PRINT: District-Wide WASC Visit Success For Local High Schools

By Charlie Keohane, Staff Writer

// After countless hours of assembling binders full of school work, hosting focus groups, and attending meetings, the Acalanes community’s hard work has paid off.

   Acalanes High School received news of their successful accreditation by the Western Association of Schools and Colleges (WASC) in June. Prior to receiving accreditation, committees of WASC commissioners evaluated all four of the Acalanes Union High School District’s (AUHSD) schools in March.

Accreditation Christine Mitroff

   Accreditation is a process that ensures a school is practicing high quality learning and continued self-improvement. Accreditation also allows high school students to receive credit for their diplomas. WASC is one of the six world-renowned regional accreditation agencies in the United States that carries out this process.

   Acalanes earned its official certificate of accreditation on June 16. The school received a full accreditation for six years with a mid-term visit in three years, one of the longest periods of accreditation that can be given.

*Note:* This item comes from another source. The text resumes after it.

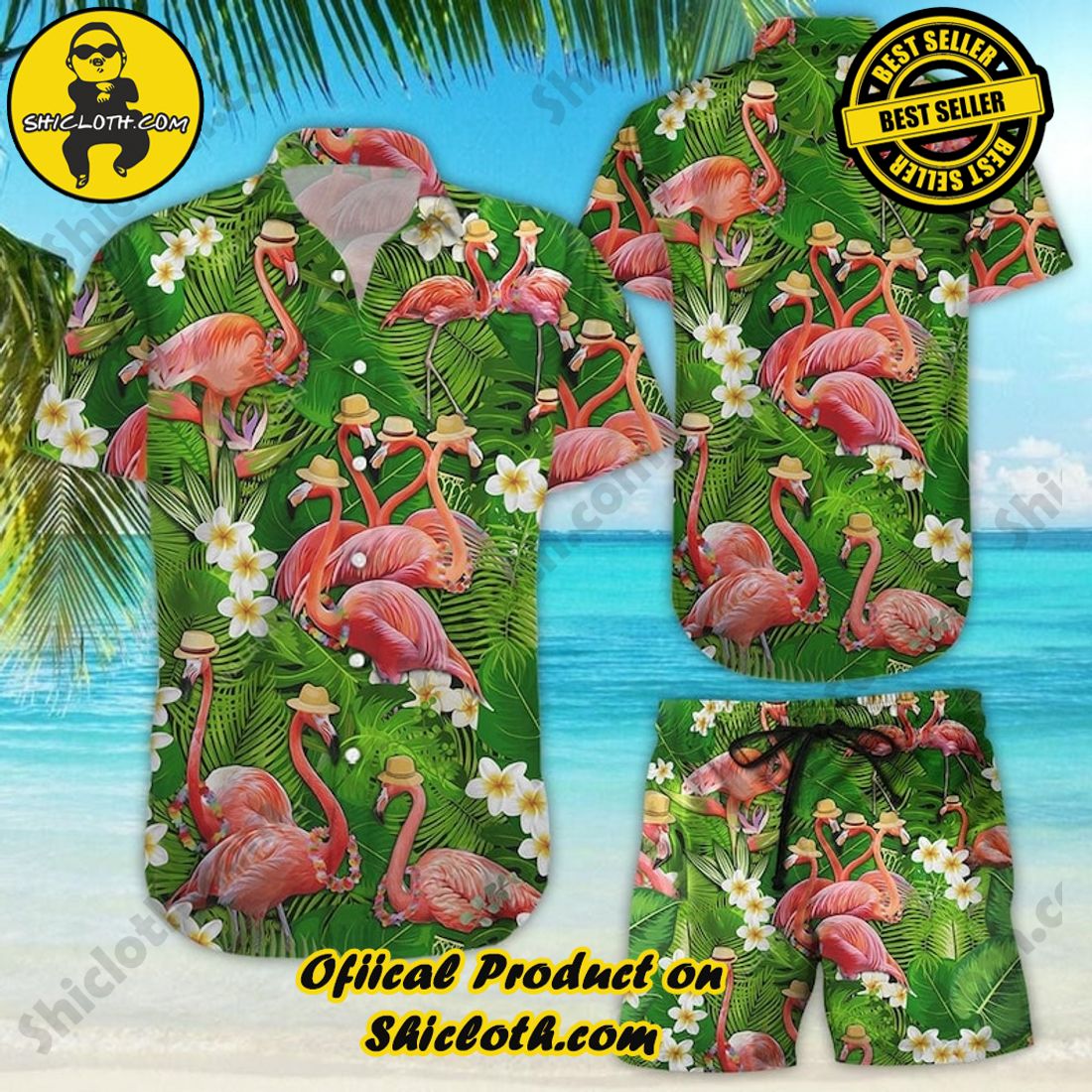 Flamingo Floral Aloha Green Hawaiian Shirt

   With Travis Bell stepping in as the new principal last school year, the district expected WASC to include a midterm report to follow up on Acalanes’ plans for improvement.

   Las Lomas, Miramonte, Campolindo, and the Acalanes Center for Independent Study also all received a full six year clear. However, Las Lomas and the Acalanes Center for Independent Study, like Acalanes, are scheduled to have a mid-term visit by the WASC committee in three years to check in on their progress reports.

   WASC surveys the quality of schools through a cycle of assessment, planning, and the implementation of WASC feedback. Schools are also required to participate in a year long process of “self-study,” which includes parents, students, teachers, faculty, and stakeholders reflecting on what has been accomplished since the last accreditation.

   In 2011, Acalanes received a six year clear with a three year progress report. Since then, Acalanes has made several improvements including updated graduation requirements, increased literacy support, and lower level algebra courses offerings.

   “The process forces you to think critically and intentionally about what you’re doing as a school,” Bell said.

   AUHSD is currently working on plans for targeted intervention, increased math and English scores, and decreased student stress. The district is also working on updating courses to be more engaging and relevant. This includes teachers assessing the amount and quality of homework assigned to ensure it is meaningful.

   According to AUHSD Superintendent John Nickerson, there are themes of student wellness, academic stress, and equity in several of the district’s WASC reports.

   “We’re working in those areas and will continue to work in those areas,” Nickerson said. 

   Bell believes the new block schedule, specifically the addition of Academy, is beginning to contribute to a more successful learning environment. 

   “Before we didn’t have a system in place for how we’re addressing those students who aren’t learning the material. It was on the student or on the teacher,” Bell said.

   Academy is a 55 minute period on Wednesdays and Fridays where students can ask their teachers questions, remake tests and quizzes, complete homework, or just socialize.

   Furthermore, Bell hopes to change the student’s perspective on school. He reminds students that “some stress is a good thing. We need it to grow and to learn.” To cope with this, Bell encourages students to be aware of all the resources on campus such as counseling and peer tutoring.

   Although Acalanes staff are pleased with the outcomes of the recent WASC reports, that does not mean their work is done.

   “WASC challenges a school to really think about its practices, what it’s doing well and what are the areas that it needs to work on,” Bell said.

One Reply to “PRINT: District-Wide WASC Visit Success For Local High Schools”

  1. ‘Furthermore, Bell hopes to change the student’s perspective on school. He reminds students that “some stress is a good thing. We need it to grow and to learn.”’

    I would argue that rather than differentiate between levels of stress – degrees of angst – instead apply the word pressure to those elements of the student’s experience which represent the positive aspects of the learning journey, whilst focusing stress on those aspects which distract from the goals.

    In my experience, while we often can’t enforce in people a different way to think, we CAN leverage language to expand the thought dimension.